Wednesday, January 11, 2012

Perl, UTF-8, and TextEdit character encoding hell

I'm working on a project where I need to dynamically read in content from a flat file. The flat file contains some template information and then I'm also pasting in the contents (using TextEdit) of a file that was generated using Perl database access.

The problem was that when I read it into a string using stringWithContentsOfFile and NSUTF8StringEncoding it would blow up. I could use NSASCIIStringEncoding, but then some of the characters (e.g em dash, single double quote) were translated incorrectly. If I brought this file up in TextEdit or Dashcode, everything looked great. Displaying the file in vi or the command line did not.

When I did a file -I foo.txt it reported the file type was "unknown" although the Perl generated file was utf-8.

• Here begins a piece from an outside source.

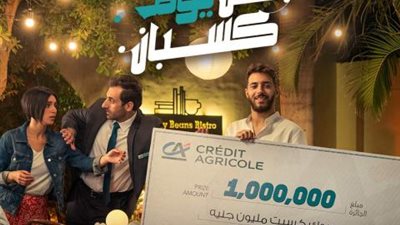 بنك كريدي أجريكول: قدم على قرض شخصي وأدخل السحب على جائزة مليون جنيه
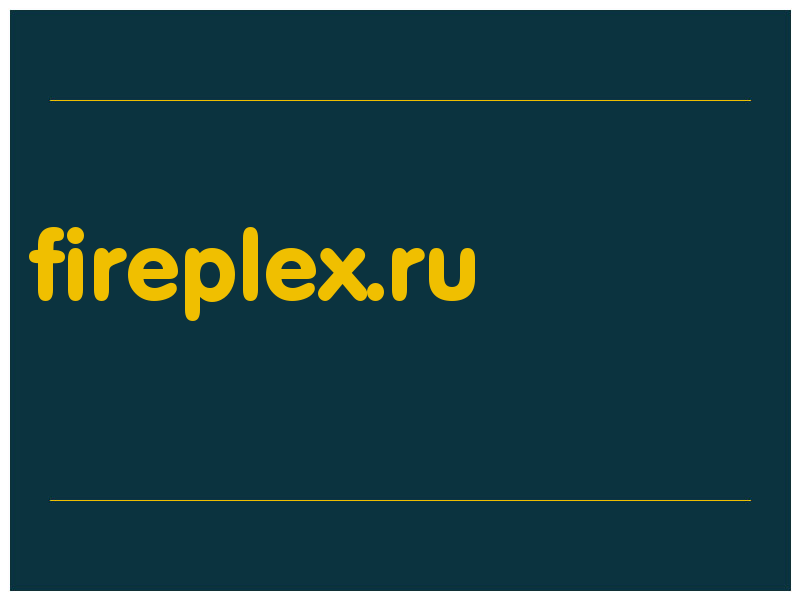 сделать скриншот fireplex.ru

I traced the problem down to the TextEdit "Plain Text File Encoding" preferences. Both "Opening Files" and "Saving Files" were set to UTF-8. This was helpful to read the data, but somehow when saving the pasted-in content, it caused the file type to get hosed such that certain tools (e.g. my command window which is set to UTF-8) could no longer properly read the characters.

Once I set the preferences back to automatic, the saved file is now utf-8, but the special characters don't display correctly in TextEdit. The file also loads with UTF8 encoding into an NSString.

Weird.

That's three hours of my life I'll never get back.